Dataset extract =

* * *

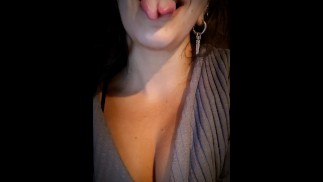 Envie de découvrir les prouesses de ma langue ? Rejoins-moi 🔥😈🐍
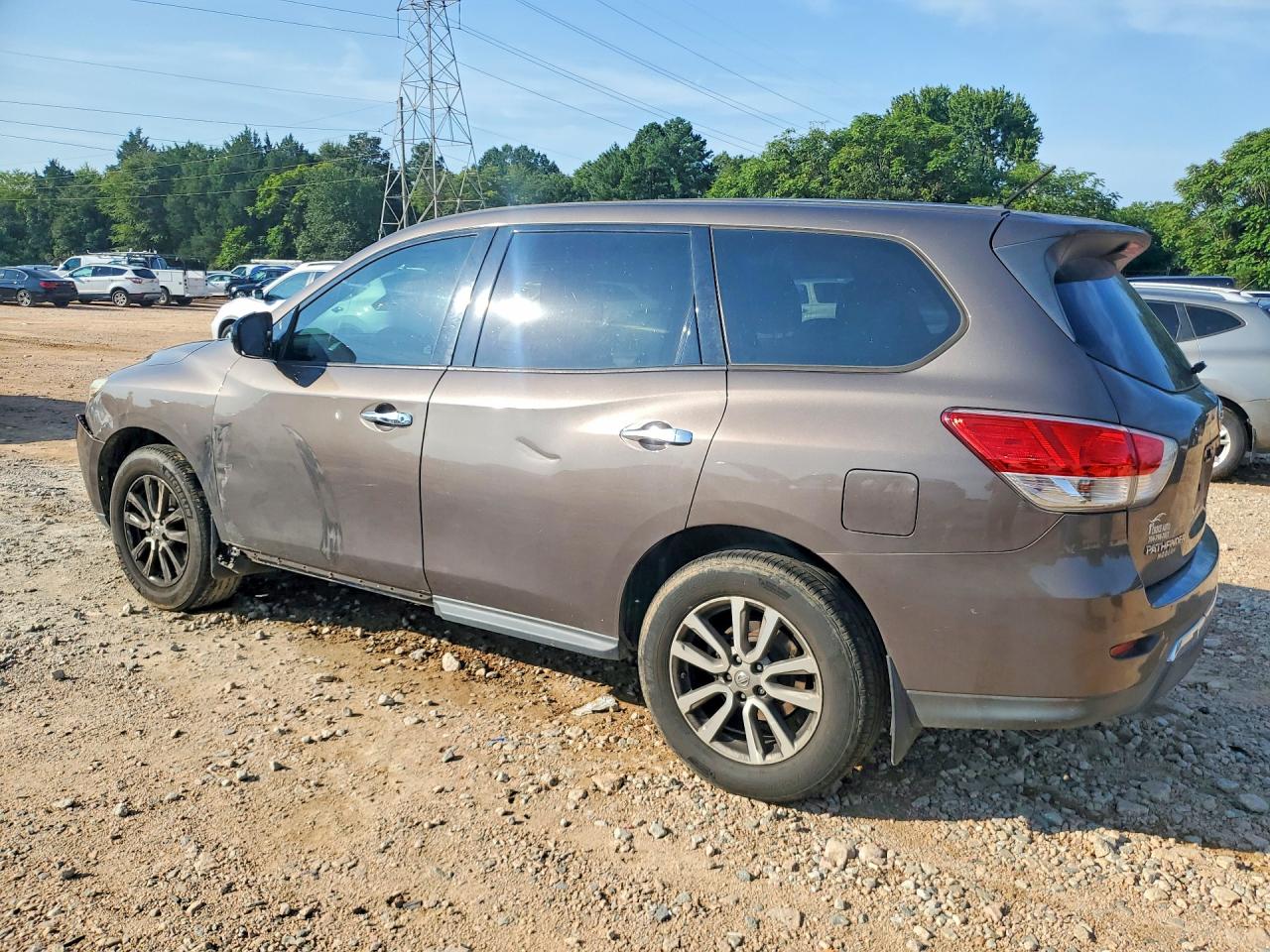 2015 NISSAN PATHFINDER S — снимка 2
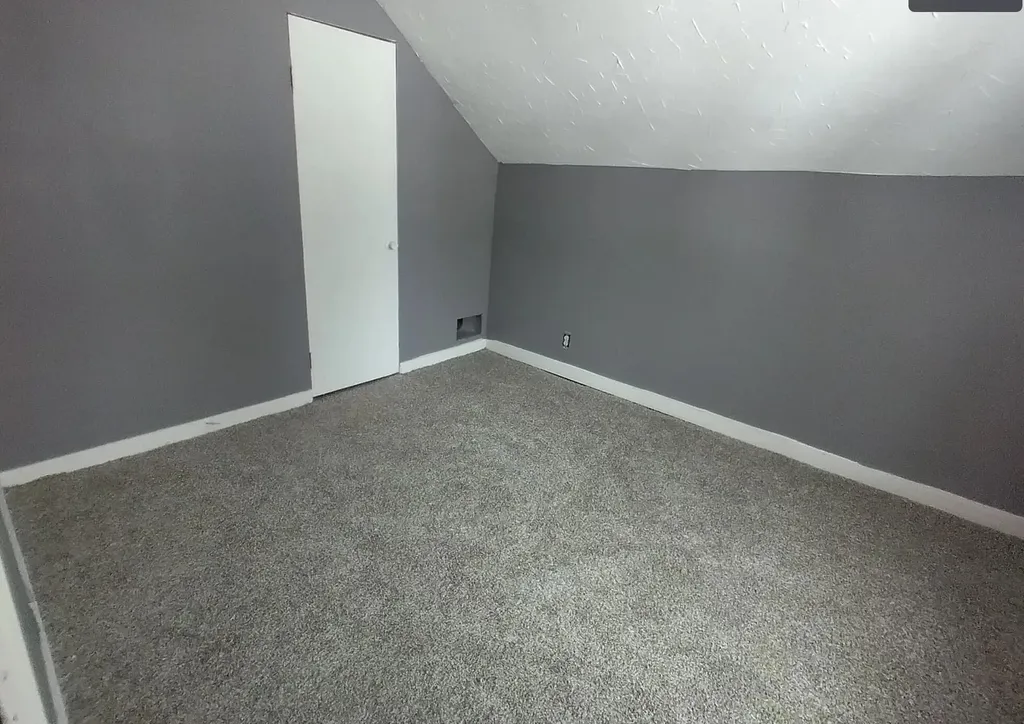 303 Rathburn Unknown City MI 49329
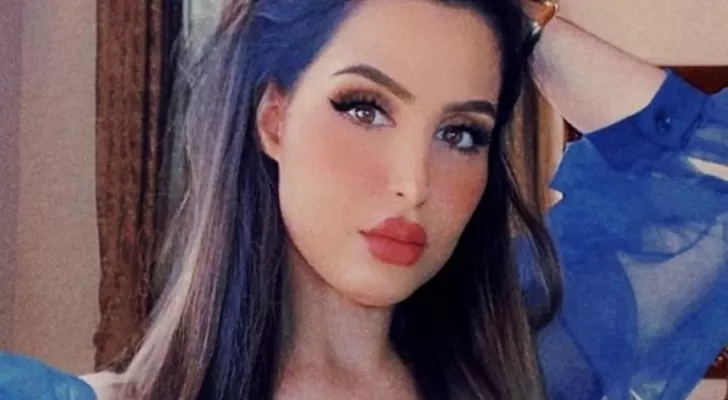 هند القحطاني, تنهار في فيديو مباشر وتكشف تفاصيل هروب ابنتها.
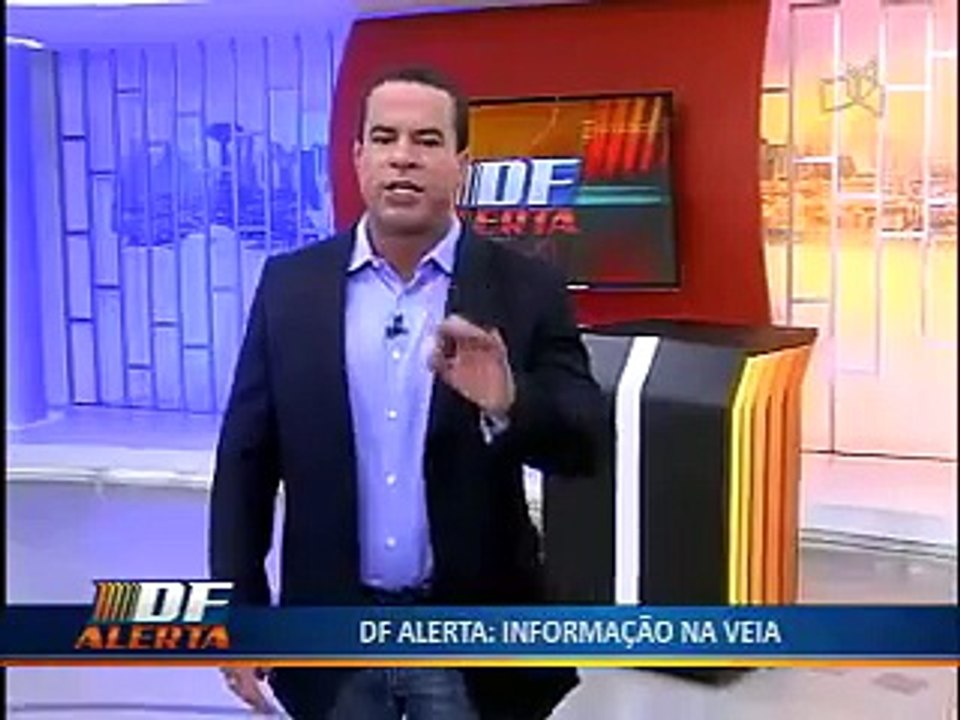 MÃE E FILHO BALEADOS
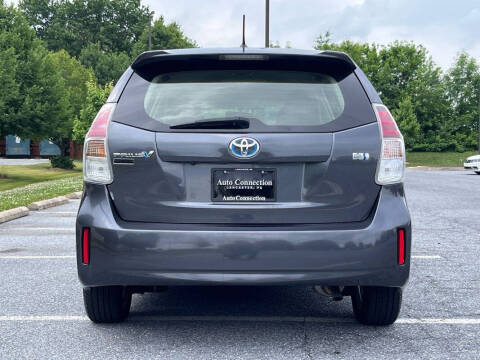 2016 Toyota Prius v Two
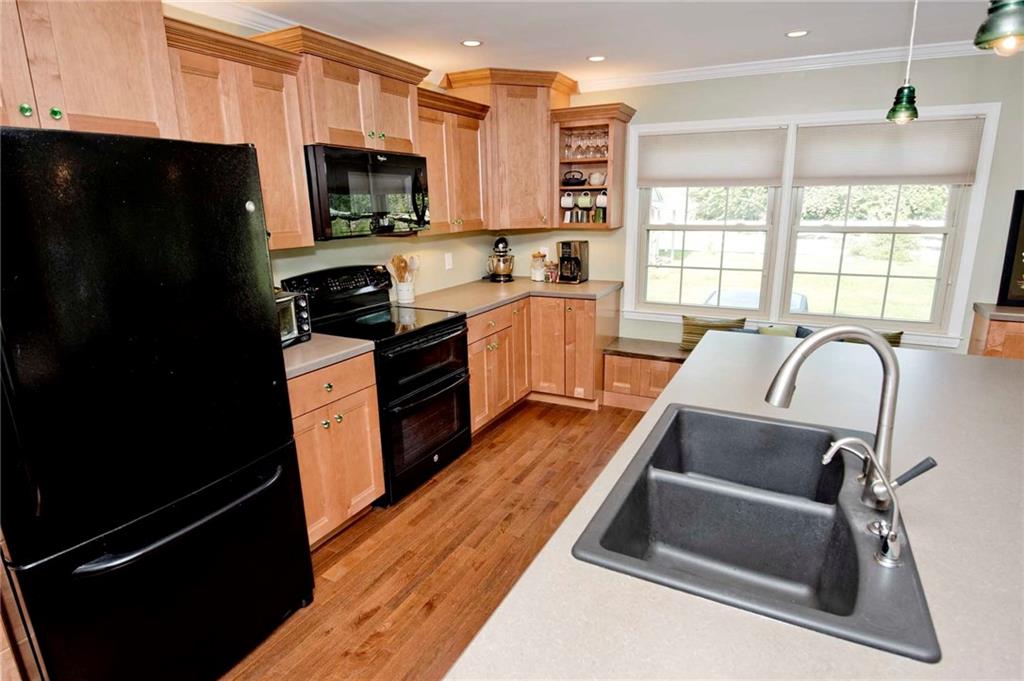 6262 Harbridge Road Indianapolis, IN 46220 - Photo 2 of 31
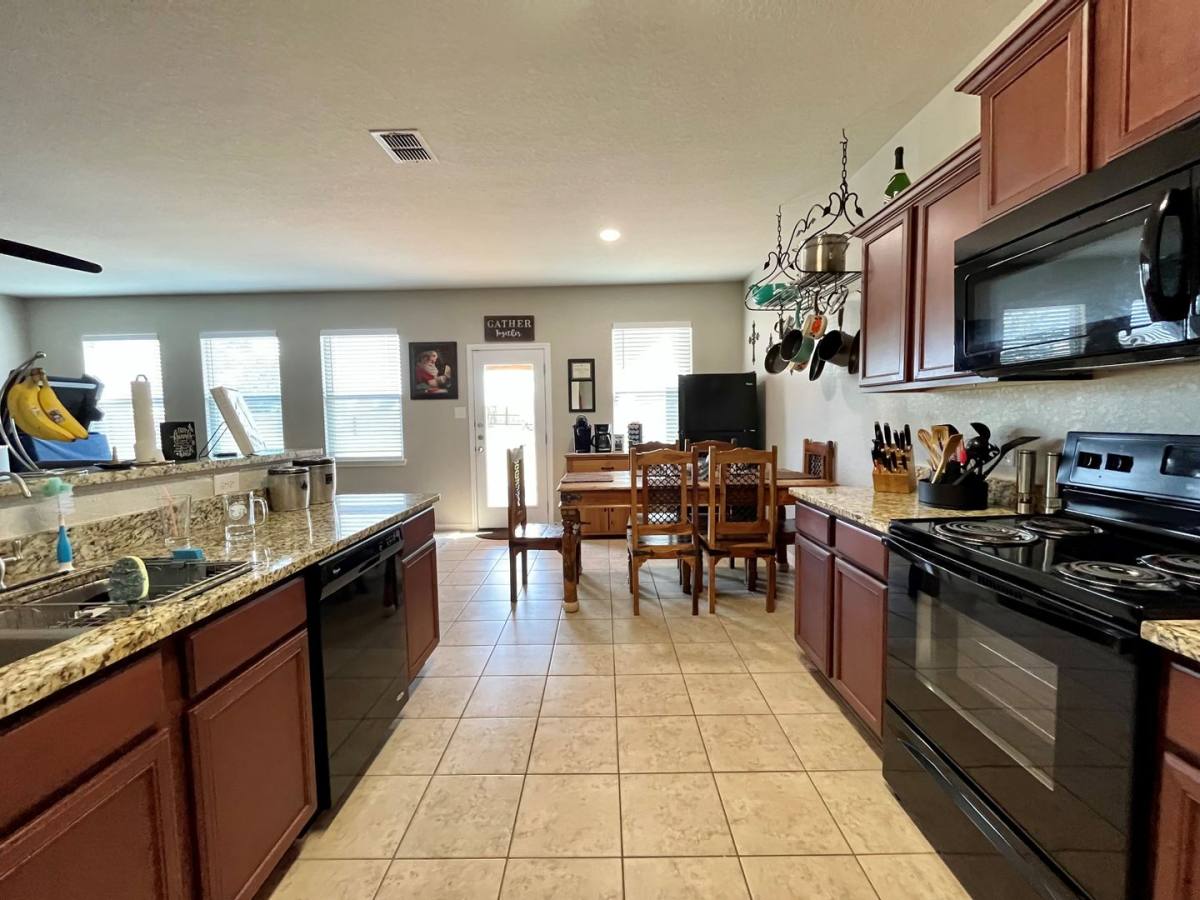 Condo for rent at 12227 Stratsburg, San Antonio, TX 78252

* * *

What this task involves = Your task is to transcribe exactly the lines from the one containing "MÃE E FILHO BALEADOS" through the final line of the entries above, pictures excluded.

Task result =
 MÃE E FILHO BALEADOS
 2016 Toyota Prius v Two
 6262 Harbridge Road Indianapolis, IN 46220 - Photo 2 of 31
 Condo for rent at 12227 Stratsburg, San Antonio, TX 78252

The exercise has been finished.